What is the difference between Cost of Labor and Cost of Living?
These can be confusing as they mean different things. Cost of labor is the fair market pay rate for a specific job in a specific labor market (sometimes defined by a geographic location).
Cost of living, on the other hand, is the cost for a person to live in a specific location. Cost of living can otherwise be known as a basket of goods, including housing, auto, education, and more.
Are Cost of Living and Cost of Labor highly correlated? Not always!
With unemployment at historically low rates and a renewed war for talent, employees are more selective about where to move. This is especially the case in locations that have a relatively high cost of labor and an even greater cost of living (e.g., San Francisco, Boston). These locations pay higher than average salaries, but the high cost of living reduces the amount of money employees can save.
The standard approach to pay someone moving to a new location is to differentiate the salary scale by geography, offering higher salaries in higher cost of labor locations. These geographic differentials help to adjust salaries as a way of equating salaries for similar roles across the country. The approach has a specific “national” level for a job and is adjusted up or down based upon the new location.
This geographic differential approach is based upon data retrieved from standard compensation surveys, which is a sampling of jobs and associated salaries by geographic location. This approach assumes that the jobs are well-matched to a standard benchmark and further assumes that non-matched jobs are paid in a similar level, which is not always the case.
This approach is increasingly being challenged by employees who move from one location to another (whether from a high cost location to a lower cost location or vice versa).
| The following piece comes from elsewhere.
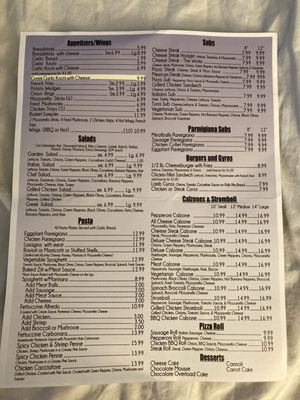 Menu photo 2 Italiano’s Kingsport, TN Menu photo 2 Italiano’s Kingsport, TN
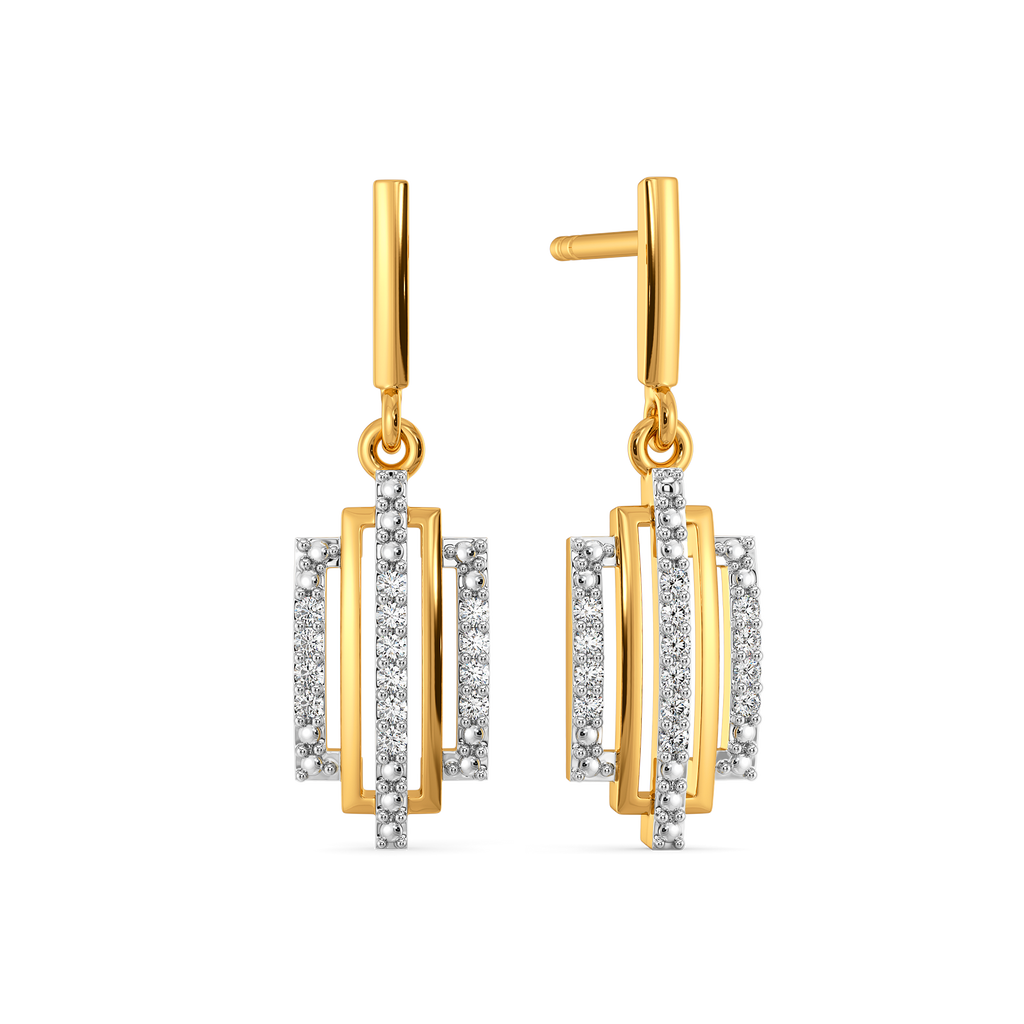 Boardroom Bling Diamond Earrings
With the current labor market situation, employees are assessing their purchasing power between their current location and the new location. As these are assessed, the employees are pushing to be “made whole” as opposed to what the compensation surveys are indicating.
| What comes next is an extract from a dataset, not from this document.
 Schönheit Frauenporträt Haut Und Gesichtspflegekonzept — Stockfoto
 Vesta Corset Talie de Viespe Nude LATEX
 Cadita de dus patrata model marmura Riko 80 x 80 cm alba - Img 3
It is interesting to note that the trend to review domestic moves is similar to an international move.
The consequence is that companies need to offer additional support in high cost locations as a way of adjusting pay so that the employee is not worse off in their purchasing power from their current location. Whether it is cost of living data, tax data, sign-on bonus, mortgage support, commuting support, or something else, this extra level of incentive is increasingly needed for employees to take the move to where the talent is needed.
In these times when employees can be more selective, the organizations need to adapt to ensure that they are getting the right talent to the right location. Therefore, utilizing tools and data that can demonstrate the purchasing power between locations – whether domestic or international – continues to be important.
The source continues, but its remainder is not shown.